• WHAT NEEDS TO BE DONE:
Return the run of lines below that opens with the line containing "ISUZU D-MAX CAB" and closes with the line containing "Silk suit For Women - Vijay Laxmi", keeping each one exact.

(DATASET begins)

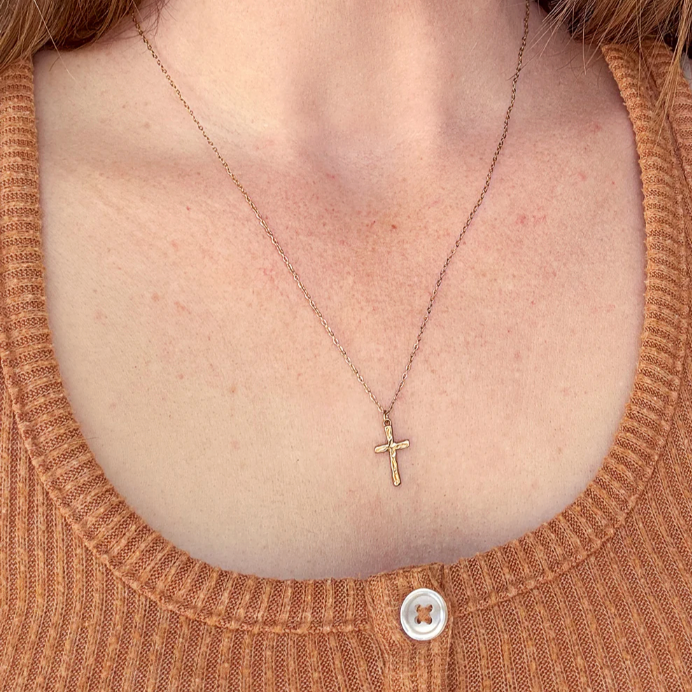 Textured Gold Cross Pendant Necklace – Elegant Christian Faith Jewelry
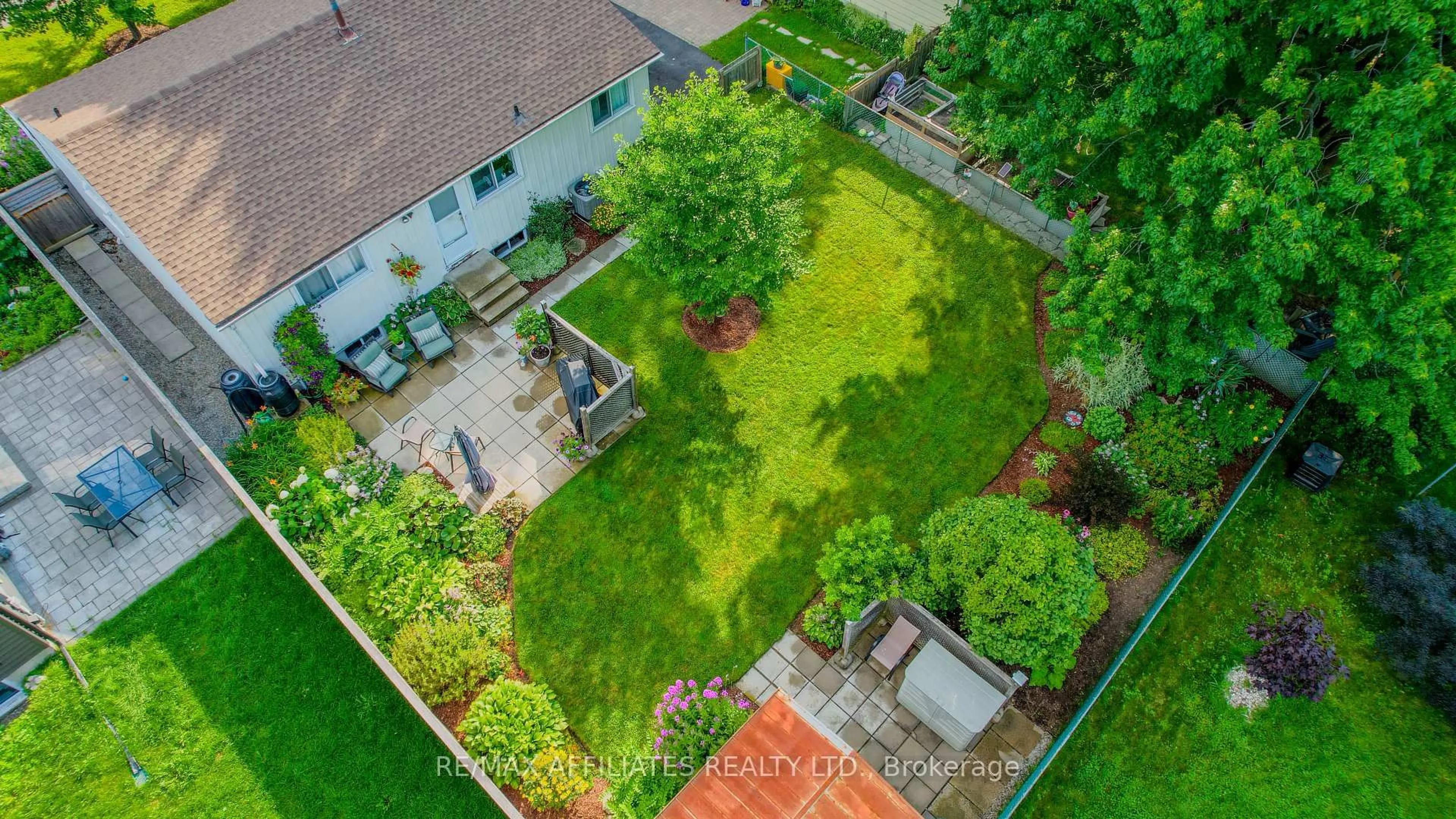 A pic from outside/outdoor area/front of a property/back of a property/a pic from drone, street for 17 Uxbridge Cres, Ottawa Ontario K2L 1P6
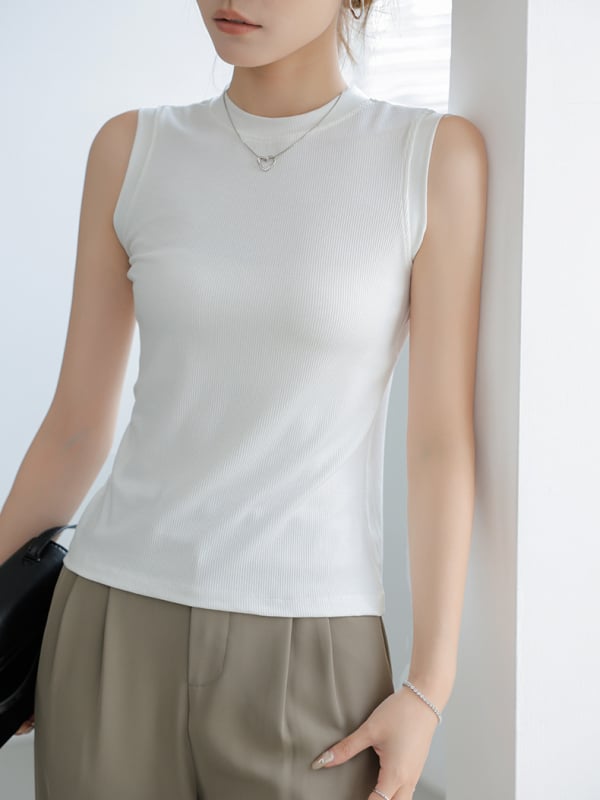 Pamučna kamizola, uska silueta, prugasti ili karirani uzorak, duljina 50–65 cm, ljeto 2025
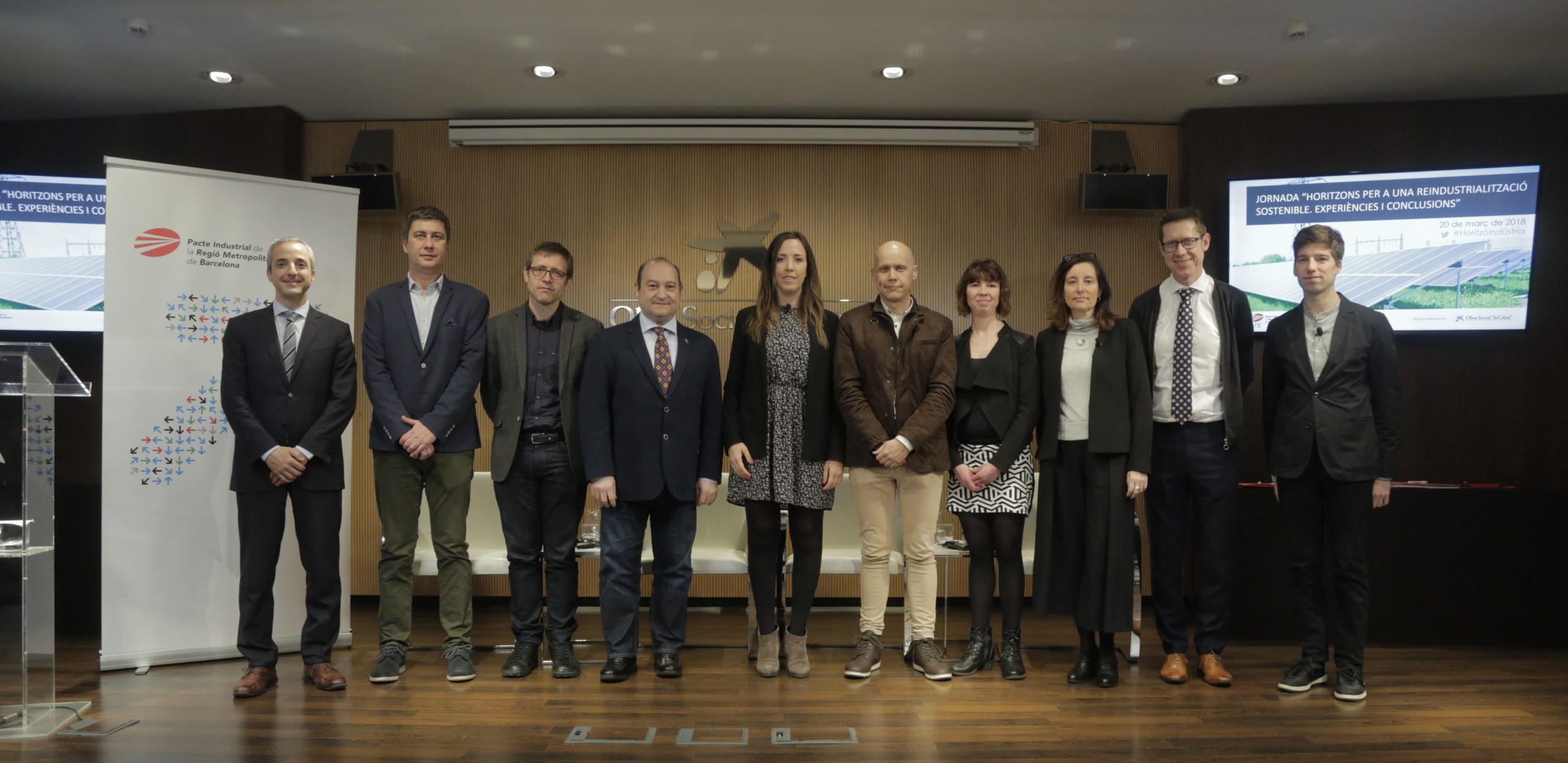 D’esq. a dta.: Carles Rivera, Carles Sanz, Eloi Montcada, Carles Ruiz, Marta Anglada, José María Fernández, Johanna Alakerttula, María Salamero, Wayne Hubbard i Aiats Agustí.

(DATASET ends)
(DATASET begins)

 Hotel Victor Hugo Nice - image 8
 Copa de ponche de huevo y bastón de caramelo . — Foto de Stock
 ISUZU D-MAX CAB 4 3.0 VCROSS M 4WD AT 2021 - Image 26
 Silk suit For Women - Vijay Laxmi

(DATASET ends)

• WRITTEN ANSWER:
 ISUZU D-MAX CAB 4 3.0 VCROSS M 4WD AT 2021 - Image 26
 Silk suit For Women - Vijay Laxmi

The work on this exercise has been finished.